More internals hacking

pandas-dev · jorisvandenbossche · Apr 27, 2018 · Apr 24, 2018 · Apr 24, 2018 · Apr 24, 2018
commit eba137f8c7ae45288200566aebbf32229c69720c
diff --git a/pandas/core/arrays/base.py b/pandas/core/arrays/base.py
@@ -537,8 +537,7 @@ def _values_for_take(self):
     @Appender(_take_docstring)
     def take(self, indexer, fill_value=_default_fill_value):
         # type: (Sequence[int], Optional[Any]) -> ExtensionArray
-        if fill_value is np.nan:
-            import pdb; pdb.set_trace()
+        # assert fill_value is not np.nan
         from pandas.core.algorithms import take
 
         data = self._values_for_take()

diff --git a/pandas/core/dtypes/base.py b/pandas/core/dtypes/base.py
@@ -18,7 +18,7 @@ class _DtypeOpsMixin(object):
 
     # na_value is the default NA value to use for this type. This is used in
     # e.g. ExtensionArray.take.
-    na_value = np.nan
+    na_value = np.nan  # TODO: change to _na_value
 
     def __eq__(self, other):
         """Check whether 'other' is equal to self.

diff --git a/pandas/core/internals.py b/pandas/core/internals.py
@@ -1,4 +1,5 @@
 import warnings
+
 import copy
 from warnings import catch_warnings
 import inspect
@@ -82,7 +83,7 @@
 from pandas.util._decorators import cache_readonly
 from pandas.util._validators import validate_bool_kwarg
 from pandas import compat
-from pandas.compat import range, map, zip, u
+from pandas.compat import range, map, zip, u, _default_fill_value
 
 
 class Block(PandasObject):
@@ -1888,6 +1889,10 @@ def _holder(self):
         # For extension blocks, the holder is values-dependent.

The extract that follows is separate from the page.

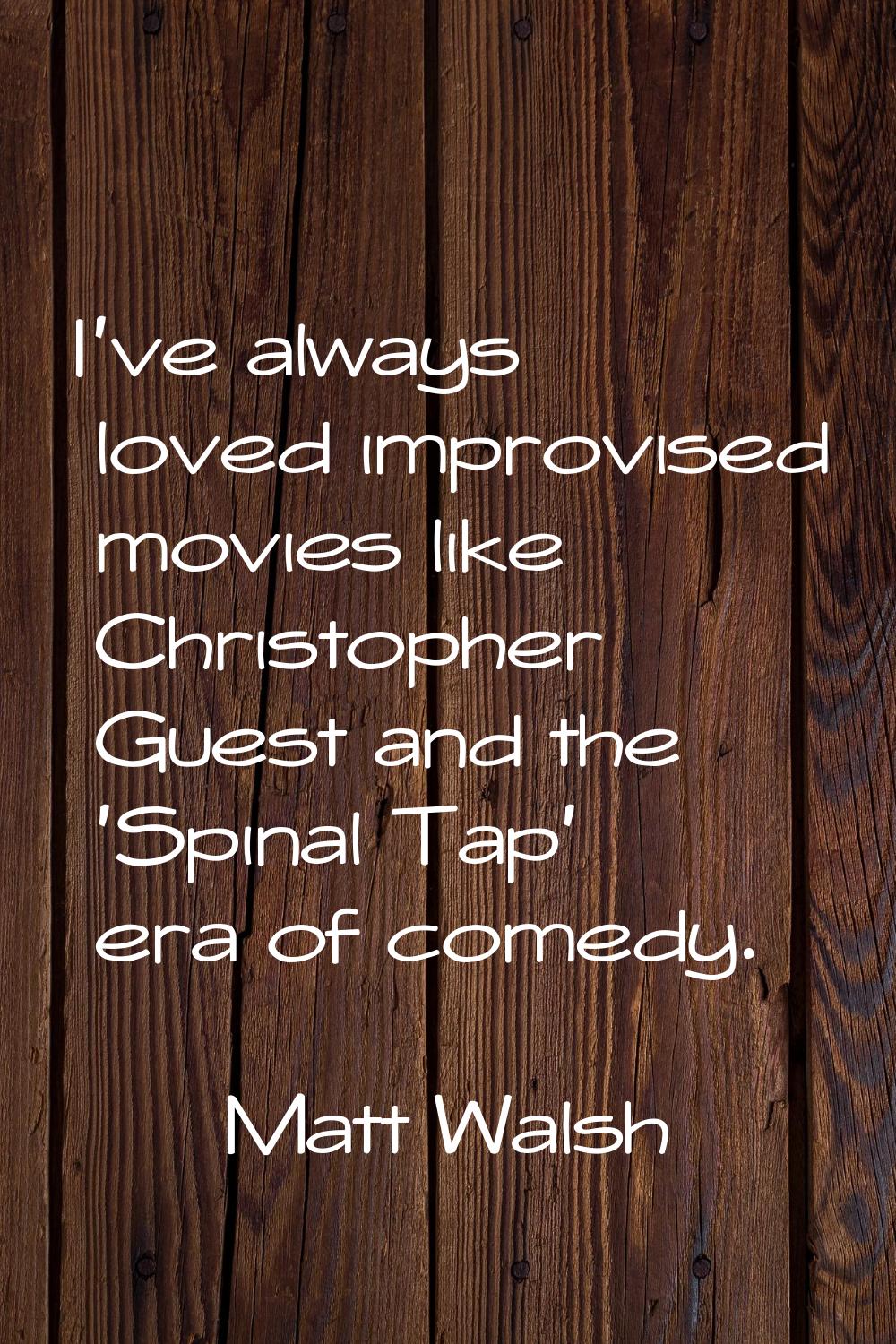 I've always loved improvised movies like Christopher Guest and the 'Spinal Tap' era of comedy.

         return type(self.values)
 
+    @property
+    def fill_value(self):
+        return self.values.dtype.na_value  # TODO: change to _na_value
+
     @property
     def _can_hold_na(self):
         # The default ExtensionArray._can_hold_na is True
@@ -4386,6 +4391,8 @@ def reindex_indexer(self, new_axis, indexer, axis, fill_value=None,
 
         pandas-indexer with -1's only.
         """
+        # TODO: see if we can make fill_value be {col -> fill_value}
+        # maybe earlier...
         if indexer is None:
             if new_axis is self.axes[axis] and not copy:
                 return self
@@ -4408,8 +4415,10 @@ def reindex_indexer(self, new_axis, indexer, axis, fill_value=None,
             new_blocks = self._slice_take_blocks_ax0(indexer,
                                                      fill_tuple=(fill_value,))
         else:
+            if fill_value is None:
+                fill_value = _default_fill_value
             new_blocks = [blk.take_nd(indexer, axis=axis, fill_tuple=(
-                fill_value if fill_value is not None else blk.fill_value,))
+                fill_value if fill_value is not _default_fill_value else blk.fill_value,))

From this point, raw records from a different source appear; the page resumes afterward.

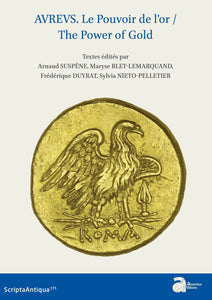 Aureus. Le pouvoir de l'or/The Power of Gold. Scripta Antiqua 171.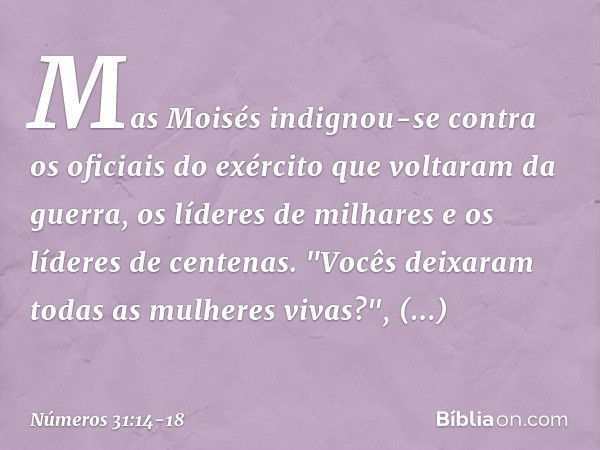 Mas Moisés indignou-se contra os oficiais do exército que voltaram da guerra, os líderes de milhares e os líderes de centenas. "Vocês deixaram todas as mulheres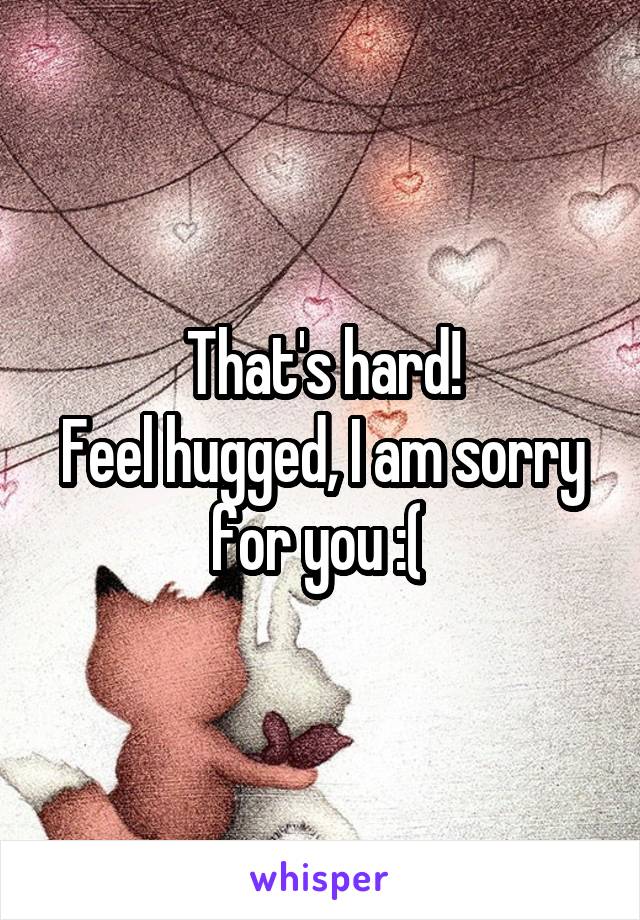 That's hard!
Feel hugged, I am sorry for you :( 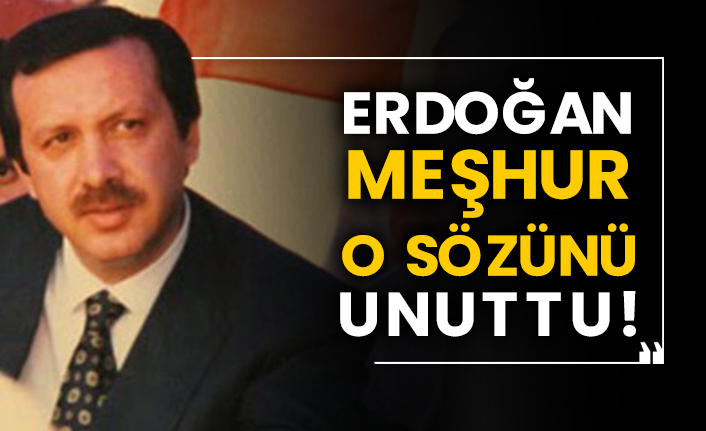 Erdoğan meşhur o sözünü unuttu!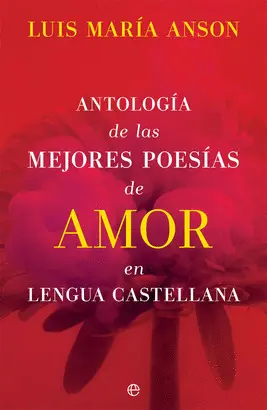 ANTOLOGIA DE MEJORES POESIAS DE AMOR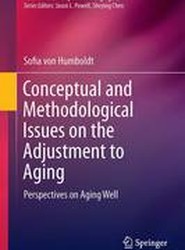 Conceptual and Methodological Issues on the Adjustment to Aging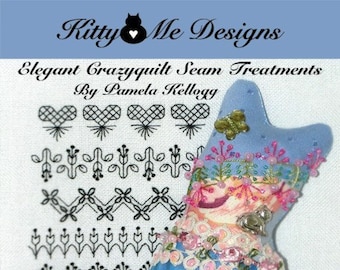 Elegant Crazy Quilt Seam Treatments Volume 2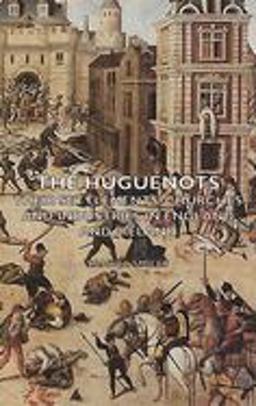 Huguenots Their Settlements Churches an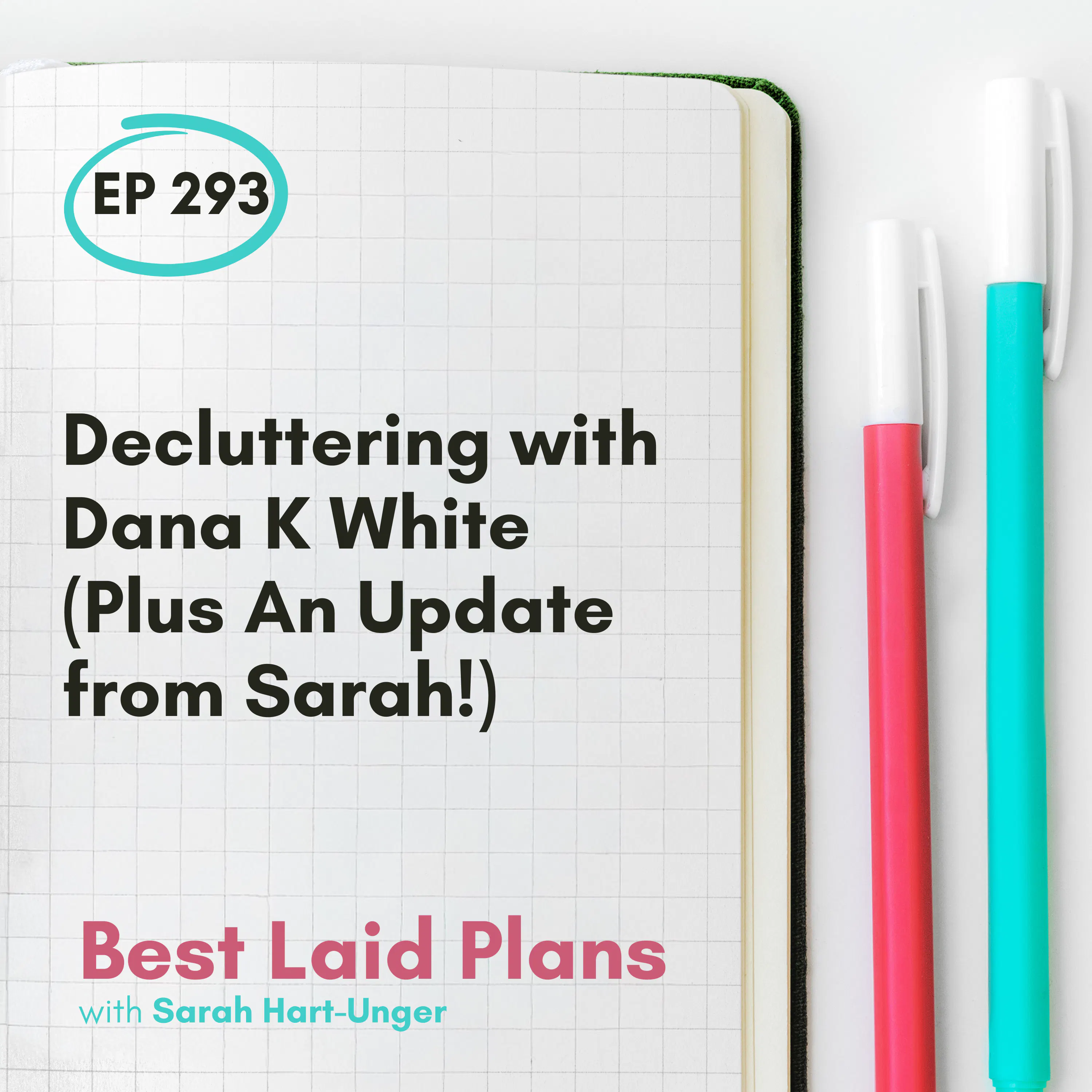 Decluttering with Dana K White (Plus An Update from Sarah!) EP 293 episode artwork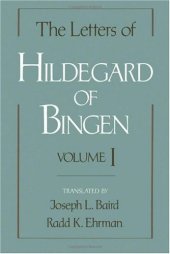 book The Letters of Hildegard of Bingen: Volume I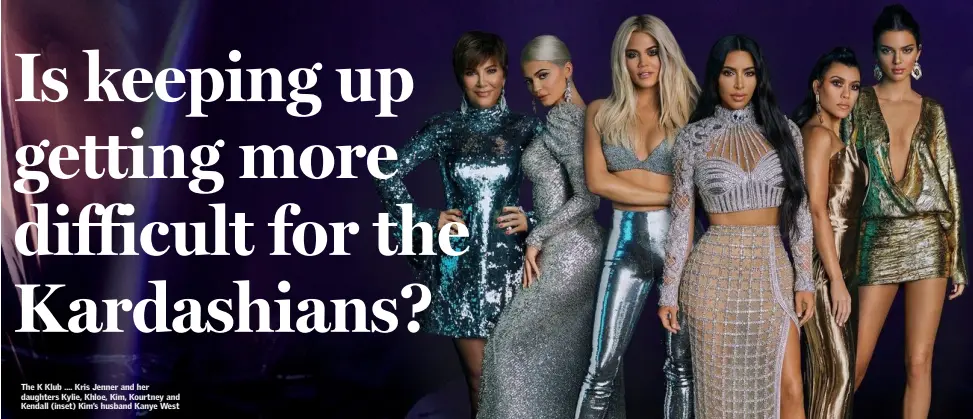  ??  ?? The K Klub .... Kris Jenner and her daughters Kylie, Khloe, Kim, Kourtney and Kendall (inset) Kim’s husband Kanye West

                 for blk in self.blocks]
 
         new_axes = list(self.axes)
@@ -4436,6 +4445,9 @@ def _slice_take_blocks_ax0(self, slice_or_indexer, fill_tuple=None):
         if self._is_single_block:
             blk = self.blocks[0]
 
+            if allow_fill and fill_tuple[0] is _default_fill_value:
+                fill_tuple = (blk.fill_value,)
+
             if sl_type in ('slice', 'mask'):
                 return [blk.getitem_block(slobj, new_mgr_locs=slice(0, sllen))]
             elif not allow_fill or self.ndim == 1:
@@ -5404,6 +5416,25 @@ def concatenate_block_managers(mgrs_indexers, axes, concat_axis, copy):
         elif is_uniform_join_units(join_units):
             b = join_units[0].block.concat_same_type(
                 [ju.block for ju in join_units], placement=placement)
+        elif is_uniform_reindexer(join_units):
+            old_block = join_units[0].block
+
+            new_values = concatenate_join_units(join_units, concat_axis,
+                                                copy=copy)
+            if new_values.ndim == 2:
+                # XXX: categorical returns a categorical here
+                # EA returns a 2d ndarray
+                # need to harmoinze these to always be EAs?
+                assert new_values.shape[0] == 1
+                new_values = new_values[0]
+
+            assert isinstance(old_block._holder, ABCExtensionArray)
+
+            b = old_block.make_block_same_class(
+                old_block._holder._from_sequence(new_values),
+                placement=placement
+            )
+
         else:
             b = make_block(
                 concatenate_join_units(join_units, concat_axis, copy=copy),
@@ -5434,6 +5465,13 @@ def is_uniform_join_units(join_units):
         len(join_units) > 1)
 
 
+def is_uniform_reindexer(join_units):
+    # For when we know we can reindex without changing type
+    return (
+        all(ju.block and ju.block.is_extension for ju in join_units)
+    )
+
+
 def get_empty_dtype_and_na(join_units):
     """
     Return dtype and N/A values to use when concatenating specified units.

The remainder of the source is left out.